Though it wasn’t the best outcome, Letang’s successful finger surgery on his left hand has team personnel confident he’ll be closer to the player he was in the first half last season.

The injury, which lingered for the final months, negatively impacted Letang’s grip on his stick. Letang never used it as an excuse, but the Penguins feel some of his perceived sloppiness with the puck was because he couldn’t control it due to the injury, team sources said.

Surgery is always a last resort for players. Given Letang’s medical condition — he can’t take certain medications due to his stroke history — all other options were considered.

Letang is expected to be a full participant in training camp, and his offseason workout regimen is not anticipated to be significantly affected by his recovery.

Broadcast changes

Officials from SportsNet Pittsburgh, a regional sports channel launched by FSG late last summer, spent the past few weeks evaluating on-air talent for Penguins broadcasts. This was a planned evaluation period, as last season featured multiple color commentators for TV play-by-play broadcaster Josh Getzoff.

Phil Bourque, who won the Stanley Cup twice with the Penguins as a player in the 1990s and has spent most of the previous two decades doing color on radio broadcasts, is the team’s preferred choice to become Getzoff’s permanent TV partner, team sources said. Bourque worked select games with Getzoff on TV last season, and their chemistry from years as a radio team was apparent.

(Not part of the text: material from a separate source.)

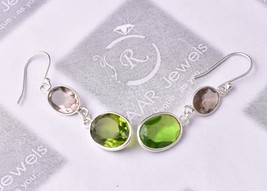 925 Plata de Ley Peridoto Gema Hecho a Mano Pendientes Regalo San Valentín Es - £44.45 GBP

FSG owns SportsNet Pittsburgh and launched a direct-to-consumer app that allows fans without local cable packages to pay monthly to stream Penguins broadcasts next season — even more reason for FSG to solidify the SportsNet Pittsburgh broadcast team.

To that end, bringing Bourque over from the radio side is viewed as smart business. Not only does Bourque have a connection to Penguins fans that exceeds 30 years, he also makes many appearances for sponsors and charities at no cost, which wasn’t well-known to FSG brass before the past couple of years.

One potential wrinkle is the Penguins’ radio broadcasts, which have generated the highest American ratings for any NHL team this decade. FSG owns SportsNet Pittsburgh, but the Penguins partner with 105.9-FM (WXDX) for their radio programming. The Penguins’ radio partner is not keen to lose Bourque, especially with play-by-play broadcaster Steve Mears’ status for next season unknown.

Mears preceded Getzoff as the Penguins’ TV voice before FSG made a change last summer upon the transition to SportsNet Pittsburgh. Mears accepted an offer to call games on the radio because it was too late for him to line up TV work elsewhere, but it’s known internally he wants to work in that medium.

Potentially losing both Mears and Bourque from radio isn’t ideal for the Penguins or their radio partner, but getting the TV broadcast team is paramount, team sources said. If that means an entirely new radio broadcast team — or even a rotation involving multiple talents — there seems to be a consensus that Getzoff-Bourque is the best choice for the business of SportsNet Pittsburgh.